◆ What is expected:
Starting at the line that contains "China Temperature Controller" and stopping at the line that contains "Google Pixel 11", restate each line of the records below exactly. Omit the pictures.

(Image-caption web data)

┌──

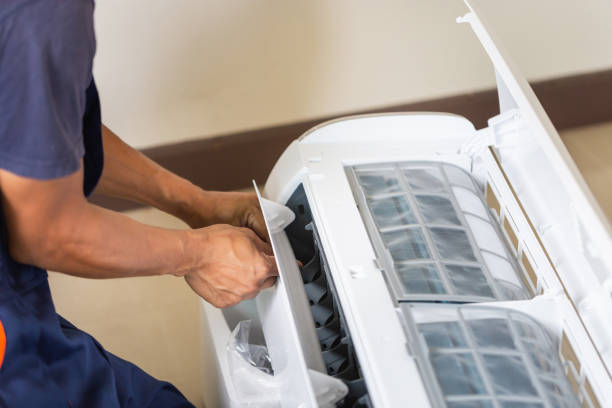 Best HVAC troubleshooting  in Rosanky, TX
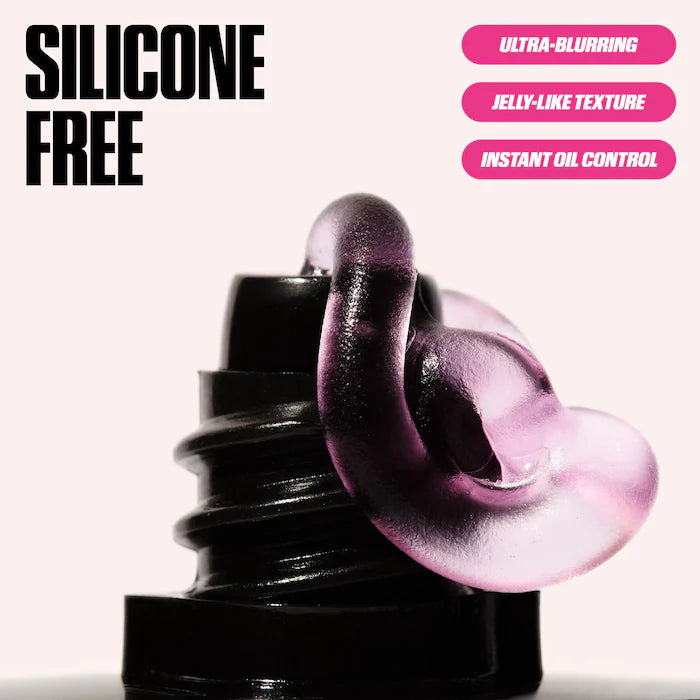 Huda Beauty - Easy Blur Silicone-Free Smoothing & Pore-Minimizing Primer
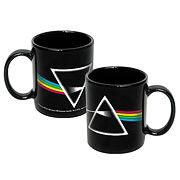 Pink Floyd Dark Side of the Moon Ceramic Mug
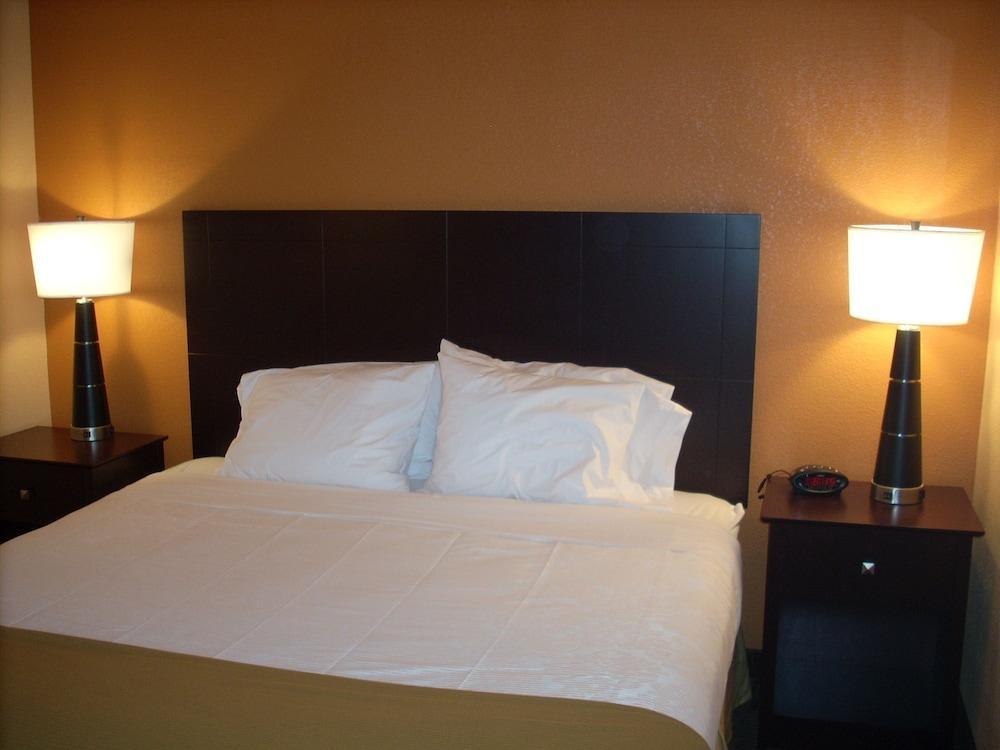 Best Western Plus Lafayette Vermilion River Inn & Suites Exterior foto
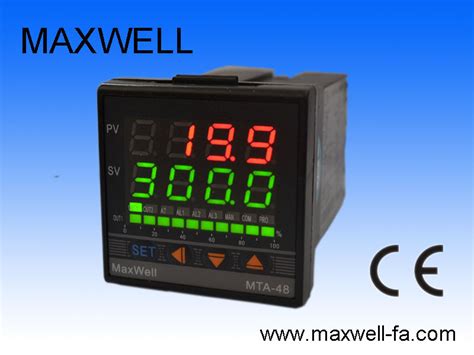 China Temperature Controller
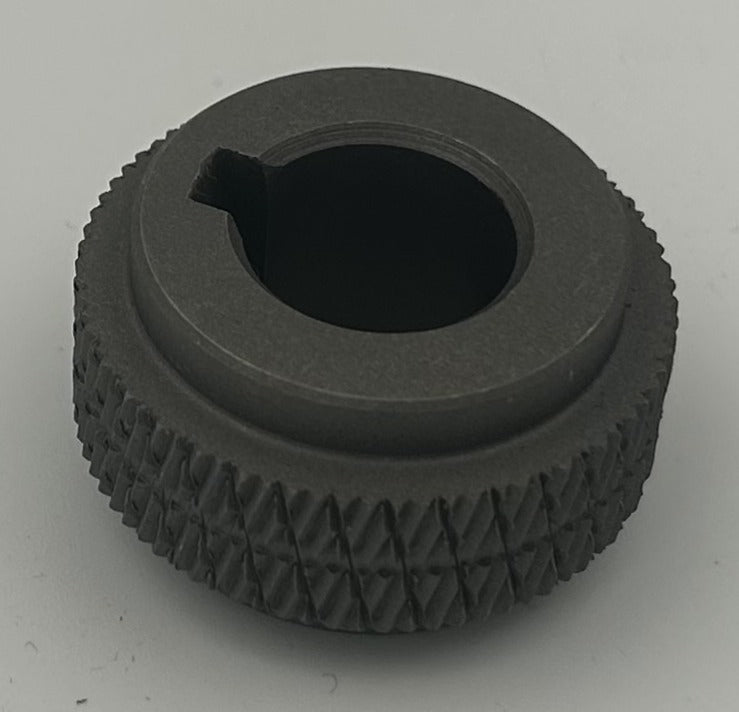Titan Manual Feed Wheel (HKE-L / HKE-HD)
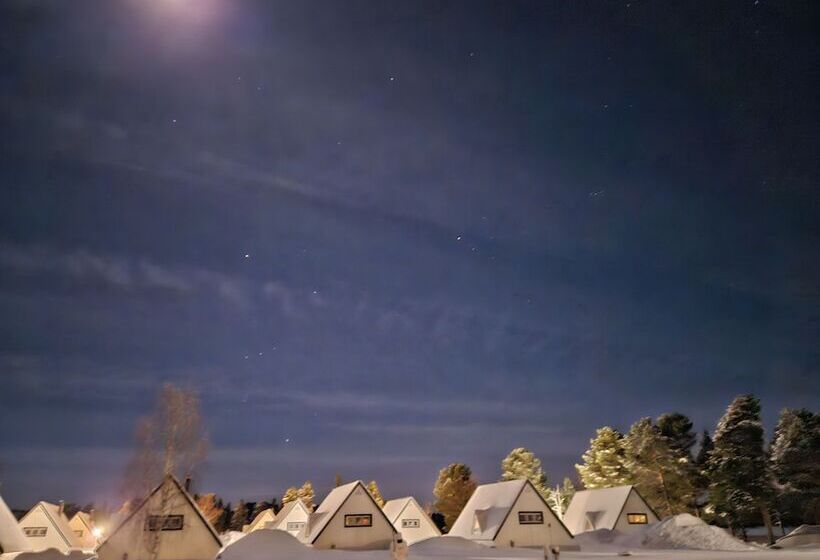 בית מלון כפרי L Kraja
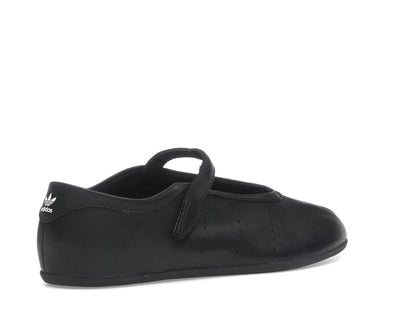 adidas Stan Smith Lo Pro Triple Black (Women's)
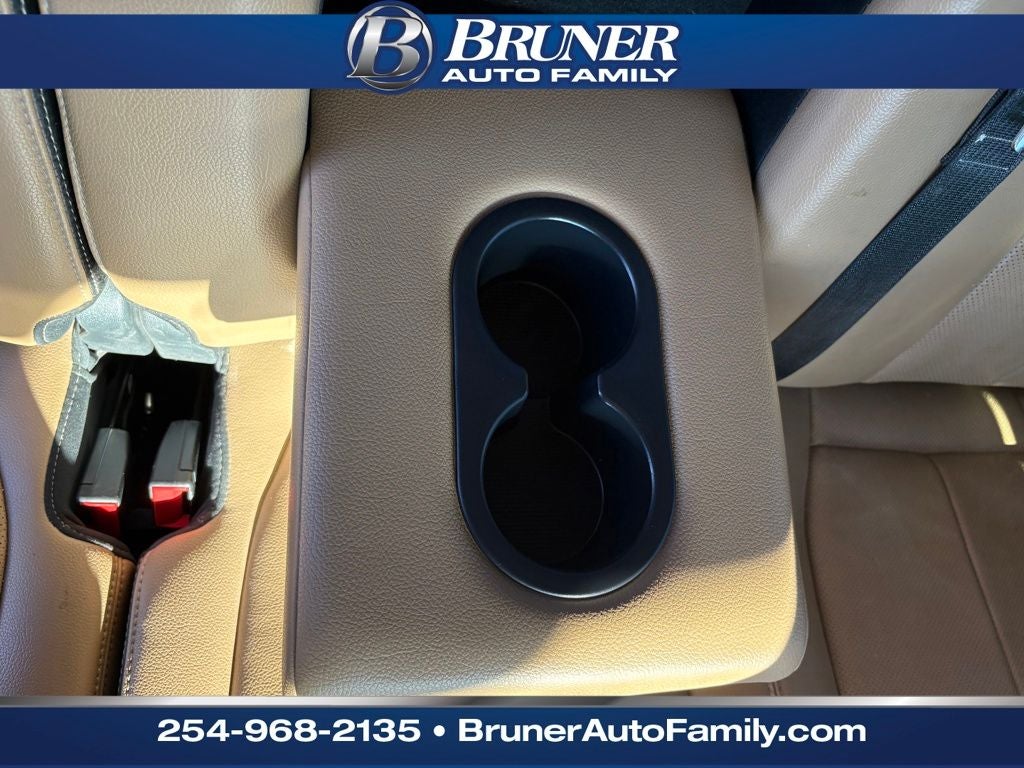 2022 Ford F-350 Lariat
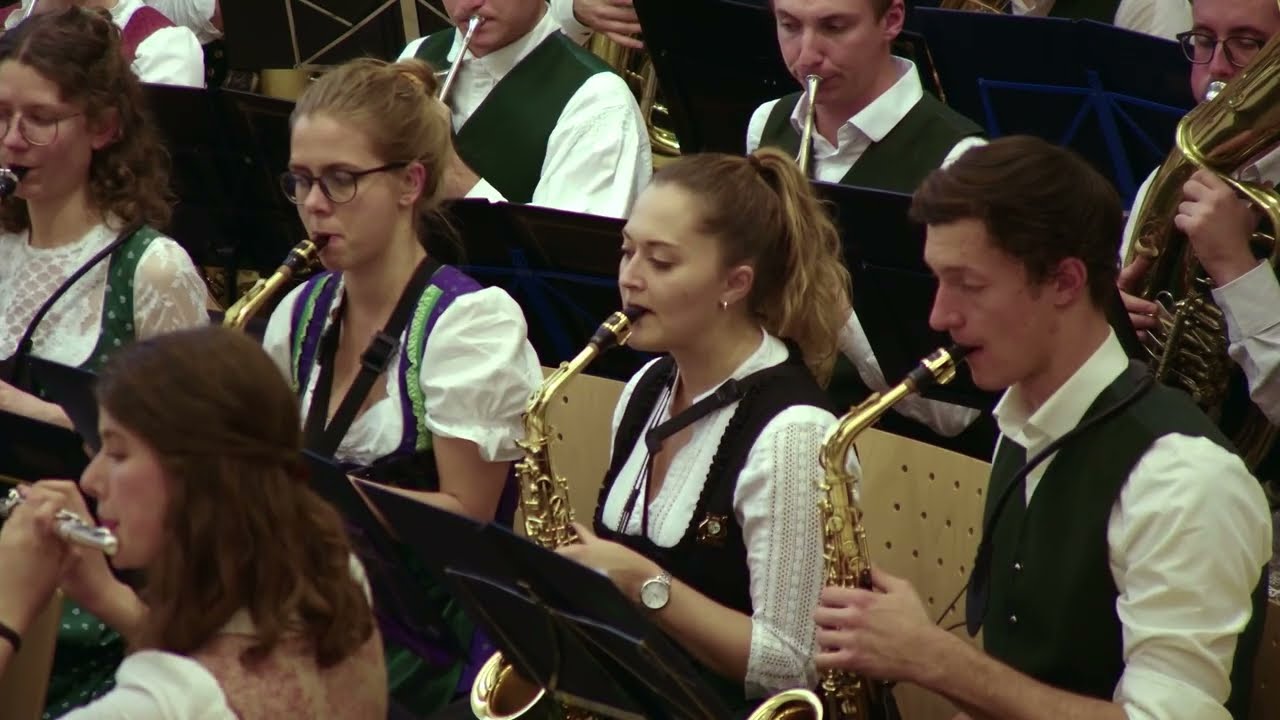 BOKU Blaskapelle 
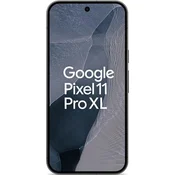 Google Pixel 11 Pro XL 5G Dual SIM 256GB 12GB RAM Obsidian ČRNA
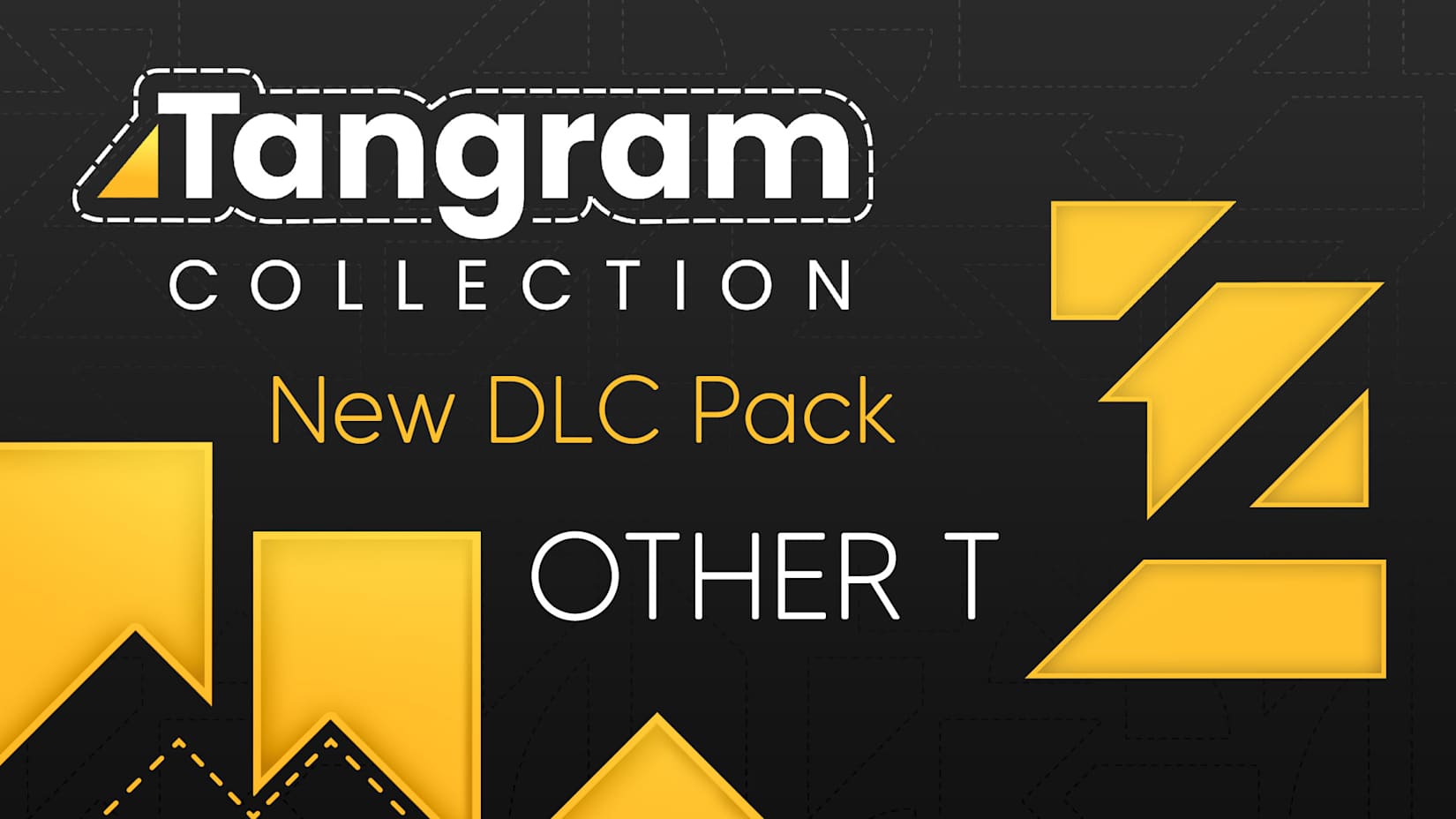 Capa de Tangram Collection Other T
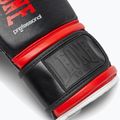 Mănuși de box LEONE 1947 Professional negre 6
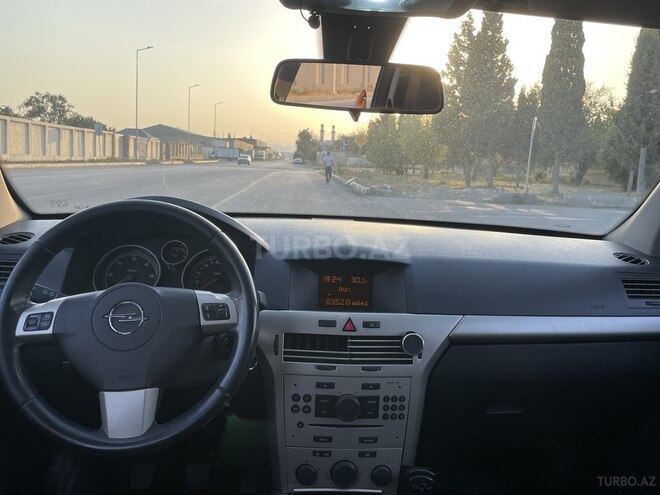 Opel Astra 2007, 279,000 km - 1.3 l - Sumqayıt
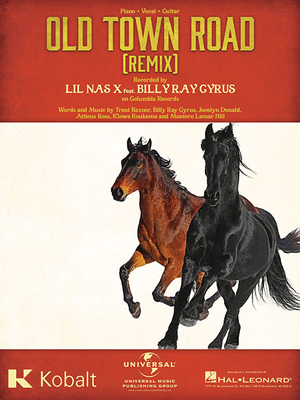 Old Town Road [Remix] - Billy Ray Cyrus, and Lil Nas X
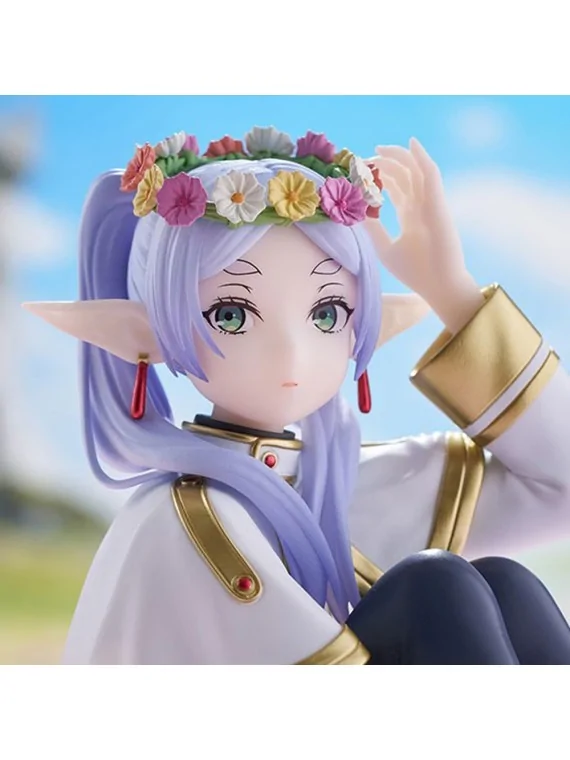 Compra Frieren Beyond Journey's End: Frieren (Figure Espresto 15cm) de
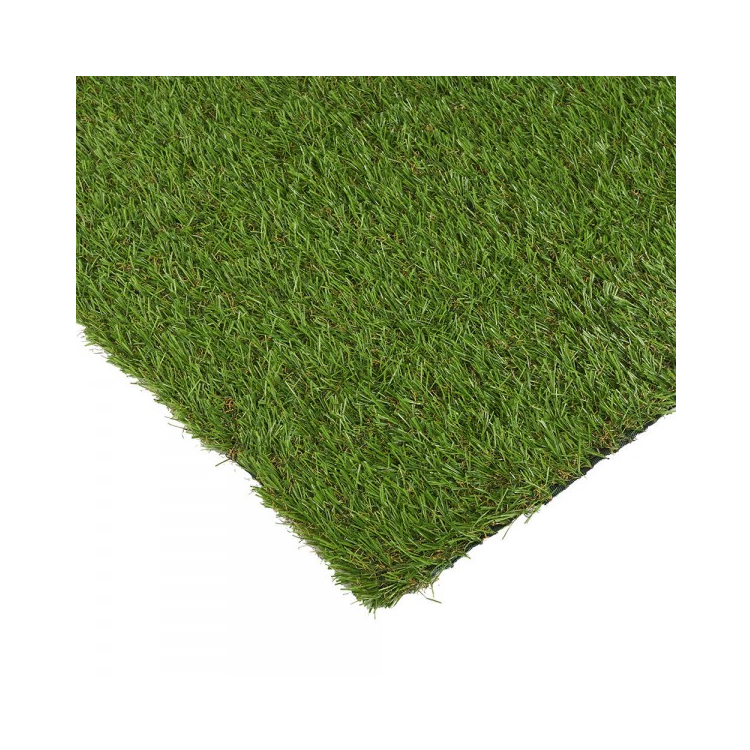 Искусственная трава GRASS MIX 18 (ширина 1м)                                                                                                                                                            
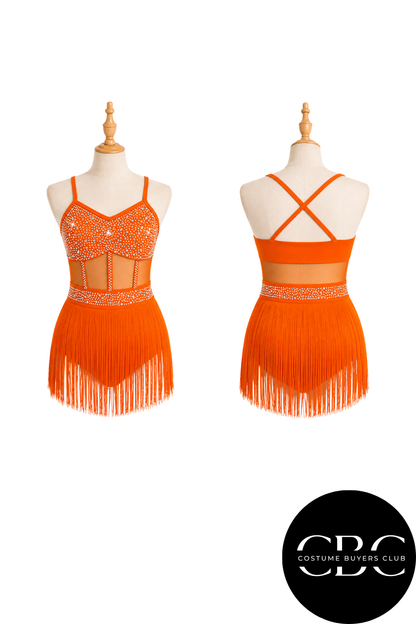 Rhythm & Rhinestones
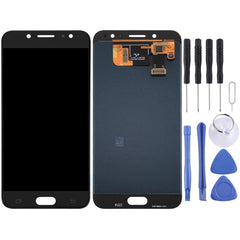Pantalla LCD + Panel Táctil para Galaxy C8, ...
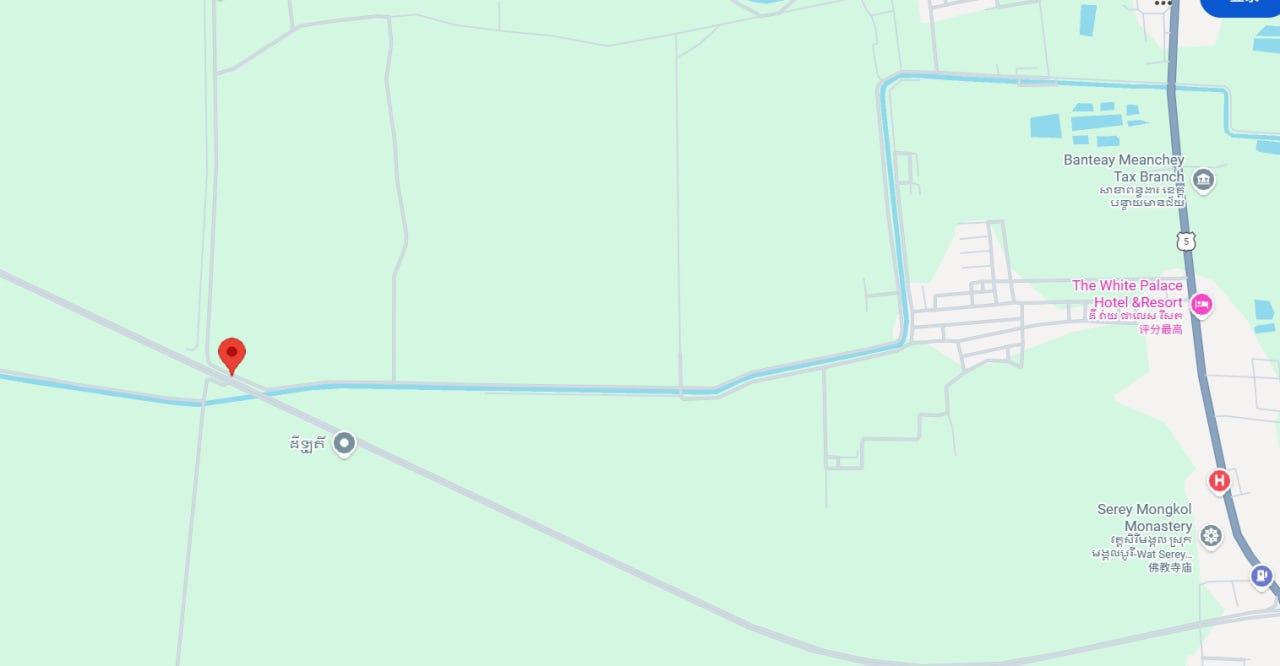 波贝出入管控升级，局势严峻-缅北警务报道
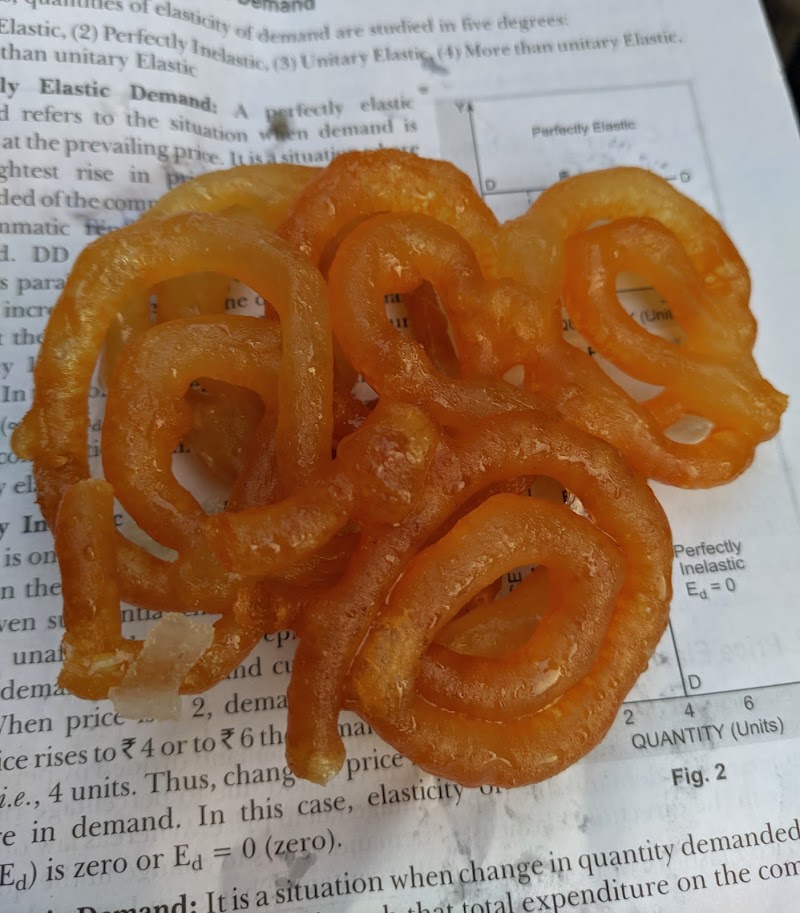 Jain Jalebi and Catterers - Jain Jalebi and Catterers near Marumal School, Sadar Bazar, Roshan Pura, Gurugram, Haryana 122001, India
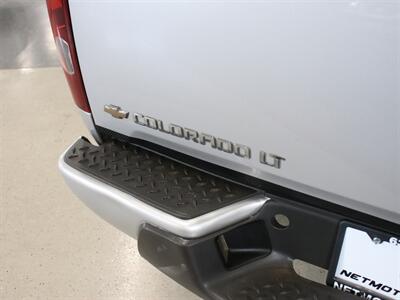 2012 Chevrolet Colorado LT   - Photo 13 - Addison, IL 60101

└──

◆ Completed exercise:
 China Temperature Controller
Titan Manual Feed Wheel (HKE-L / HKE-HD)
 בית מלון כפרי L Kraja
 adidas Stan Smith Lo Pro Triple Black (Women's)
 2022 Ford F-350 Lariat
 BOKU Blaskapelle 
 Google Pixel 11 Pro XL 5G Dual SIM 256GB 12GB RAM Obsidian ČRNA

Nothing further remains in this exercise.